ACTIVITY: Reproduce the data exactly and drop any pictures it holds.

*** Opening of STUDY MATERIAL ***

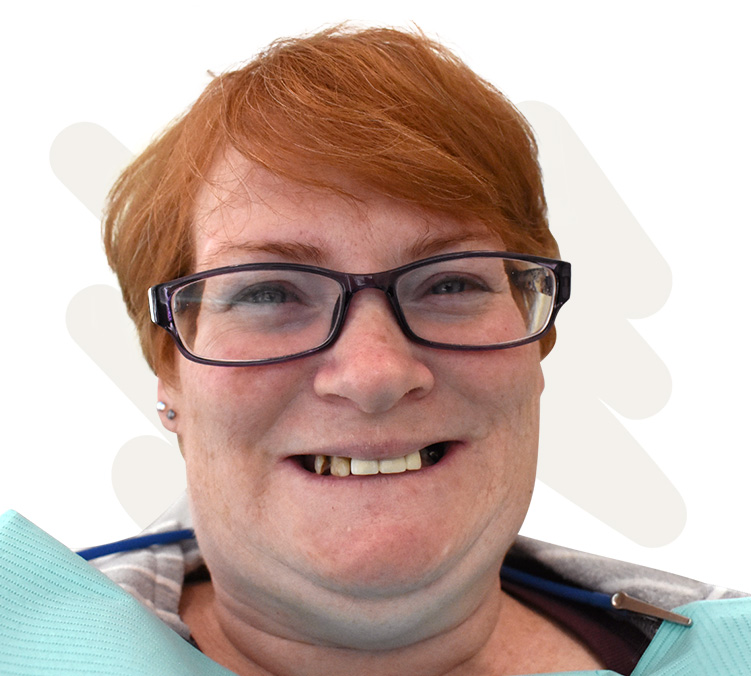 Jamie Before Dental Implant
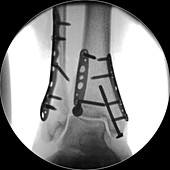 Pinned fractured ankle bones, X-ray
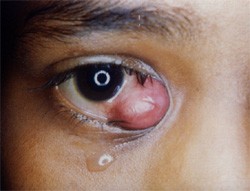 Subconjunctival cysticercosis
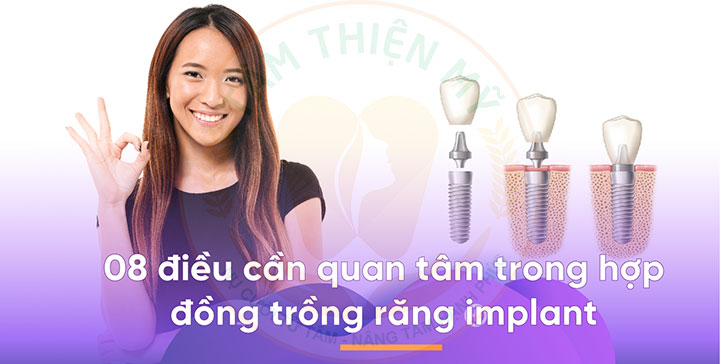 hợp đồng cấy ghép Implant
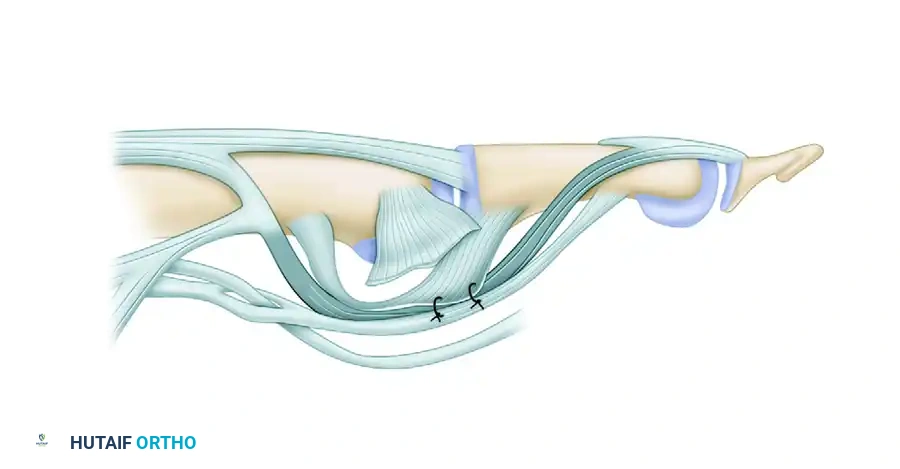 Sublimis Tenodesis & Lateral Band Translocation for PIP Joint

*** Close of STUDY MATERIAL ***

TASK RESPONSE:
 Jamie Before Dental Implant
 Pinned fractured ankle bones, X-ray
 Subconjunctival cysticercosis
 hợp đồng cấy ghép Implant
 Sublimis Tenodesis & Lateral Band Translocation for PIP Joint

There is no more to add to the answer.